■ **Problem statement**
Below are the records; give again exactly the lines from the one containing "Trẻ em là những" through the one containing "Demi Lovato Performs", leaving out pictures.

■ **Extracted entries**
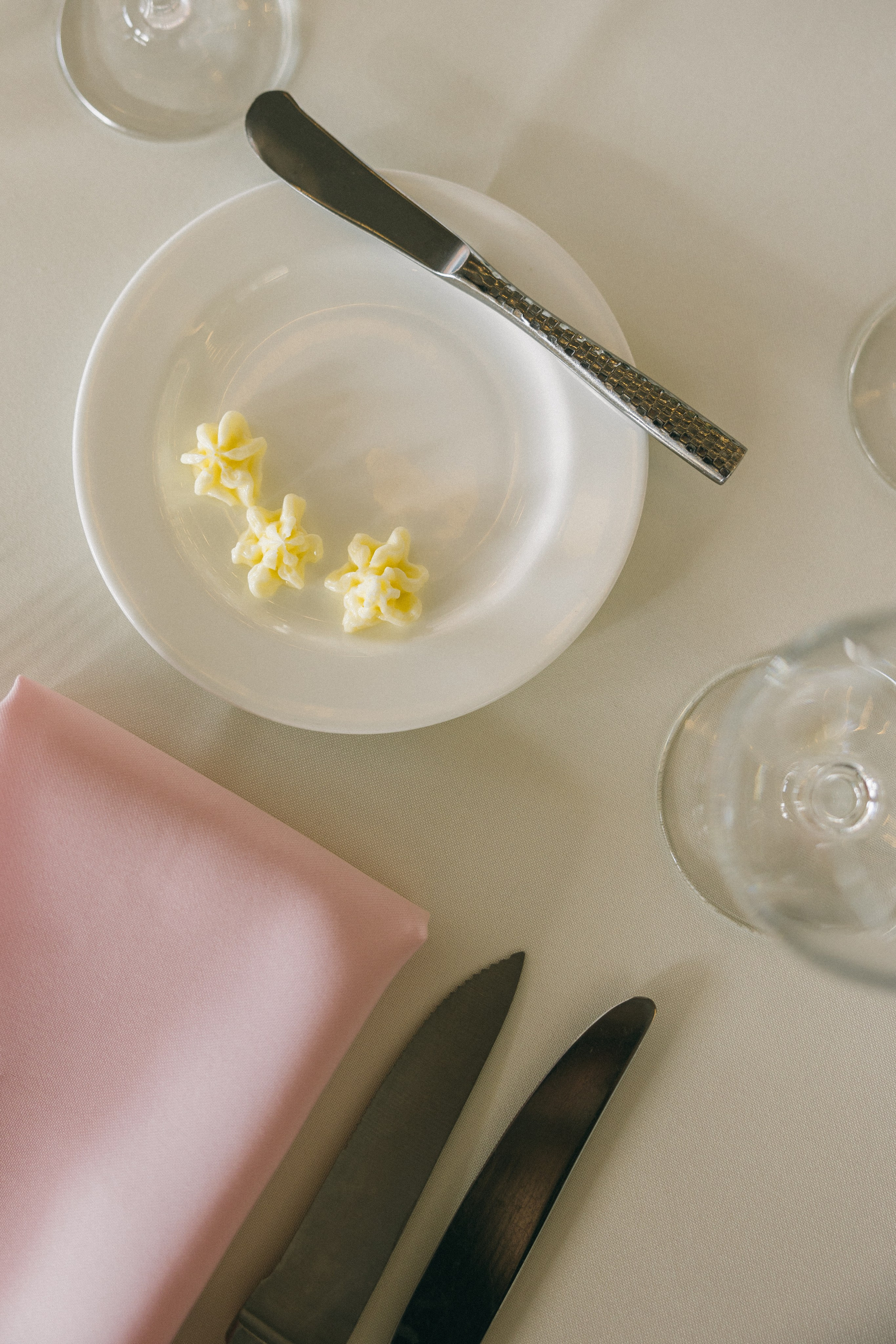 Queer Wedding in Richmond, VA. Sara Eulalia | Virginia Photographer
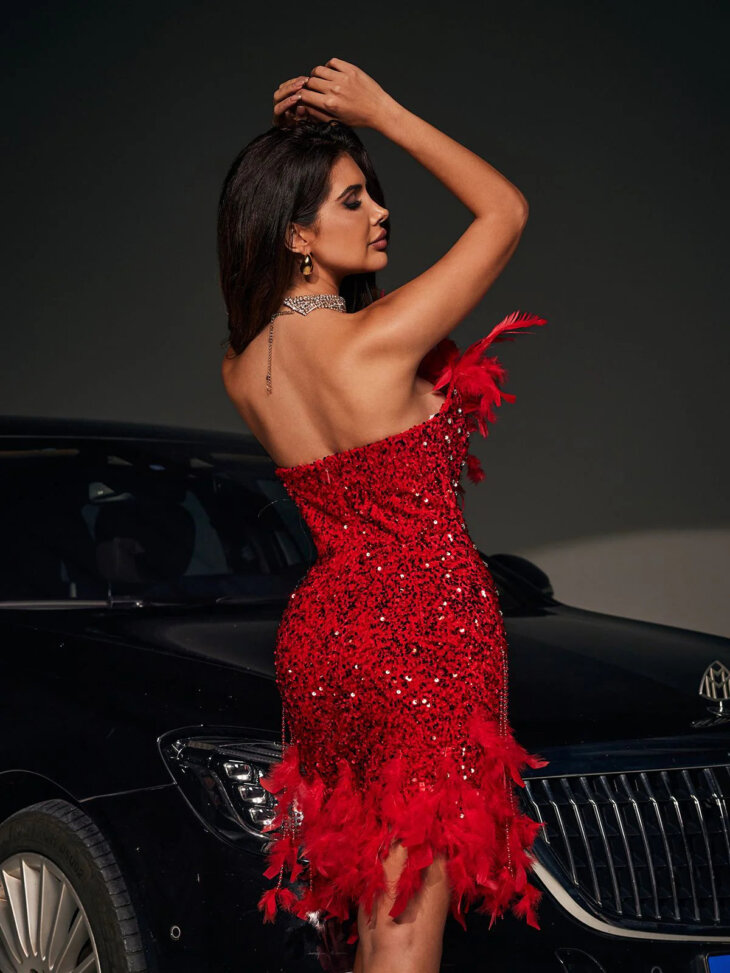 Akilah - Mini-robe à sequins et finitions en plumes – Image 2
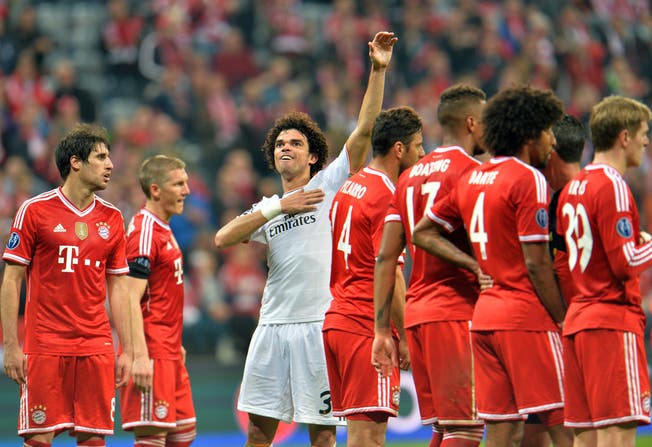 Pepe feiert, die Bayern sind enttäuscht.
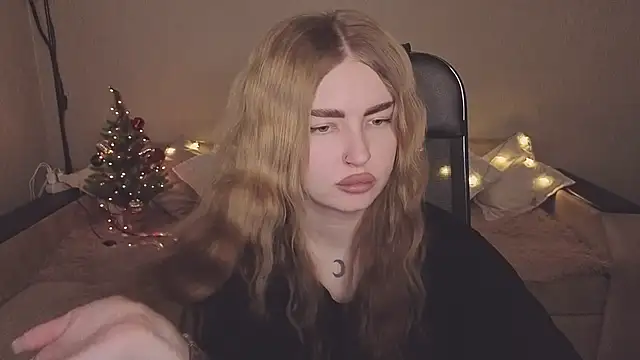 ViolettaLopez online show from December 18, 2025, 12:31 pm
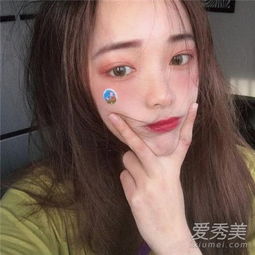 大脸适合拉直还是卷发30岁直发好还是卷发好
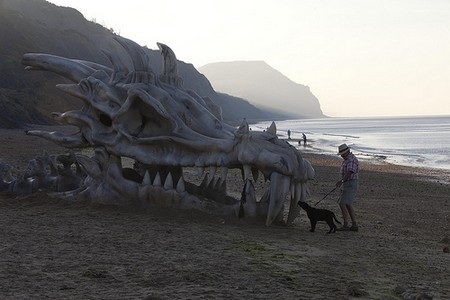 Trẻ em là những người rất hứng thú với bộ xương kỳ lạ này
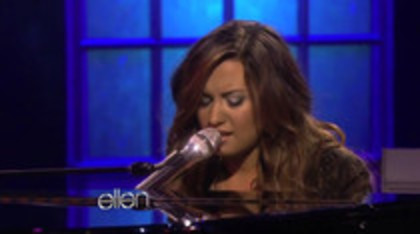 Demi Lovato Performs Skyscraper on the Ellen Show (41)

* * *

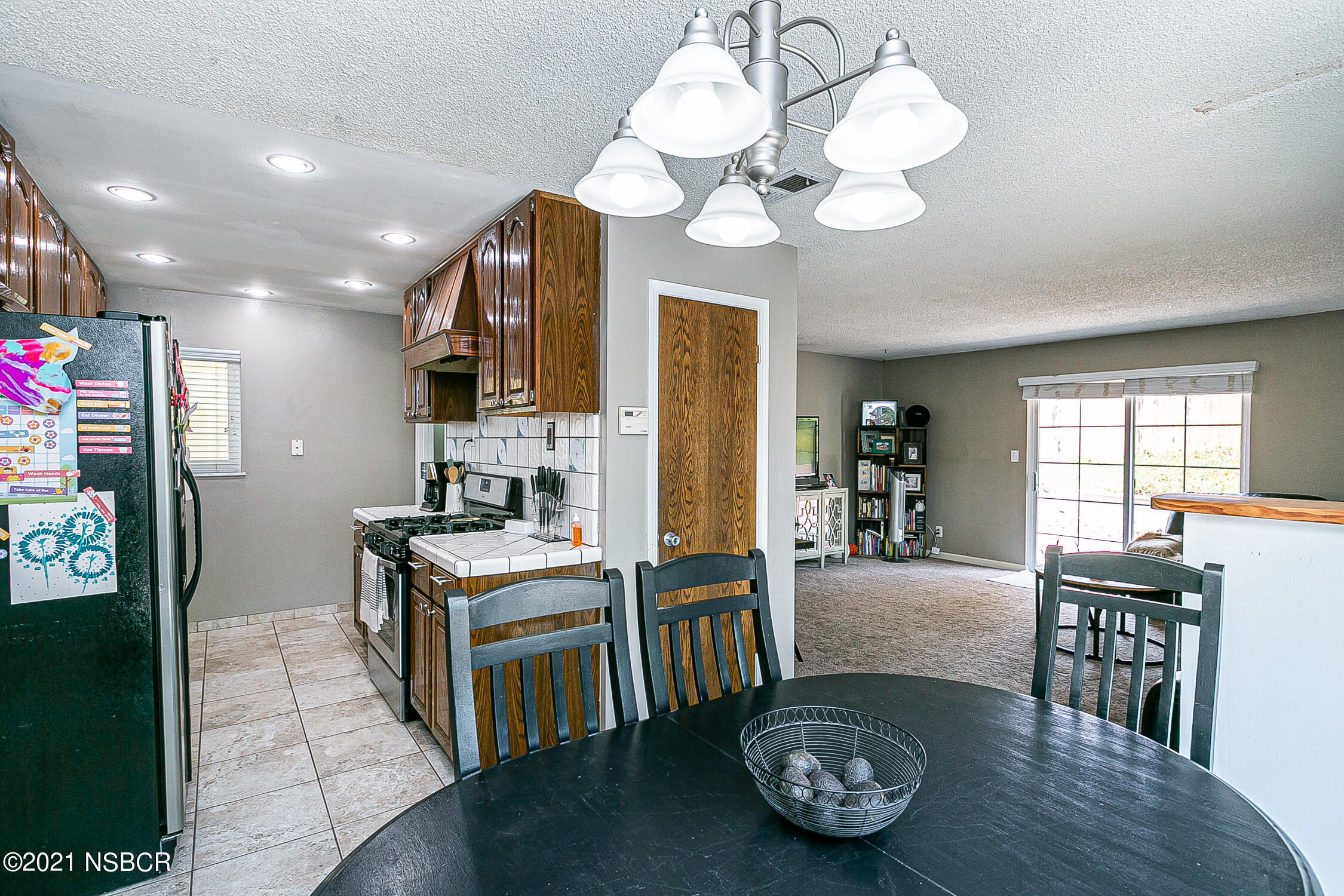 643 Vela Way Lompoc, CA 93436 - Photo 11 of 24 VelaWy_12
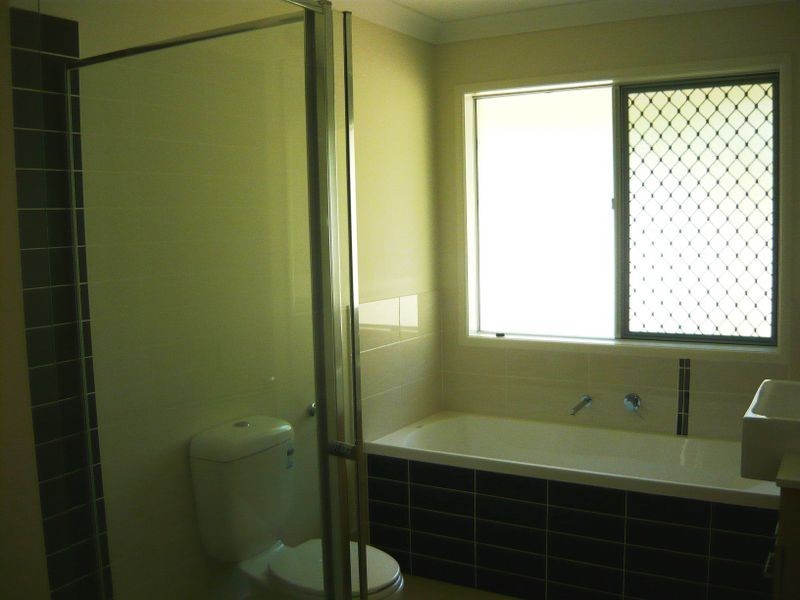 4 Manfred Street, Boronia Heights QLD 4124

* * *

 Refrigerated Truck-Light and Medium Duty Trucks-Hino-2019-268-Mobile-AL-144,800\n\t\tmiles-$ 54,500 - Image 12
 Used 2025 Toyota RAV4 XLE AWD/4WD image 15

■ **Solution for this exercise**
 Trẻ em là những người rất hứng thú với bộ xương kỳ lạ này
 Demi Lovato Performs Skyscraper on the Ellen Show (41)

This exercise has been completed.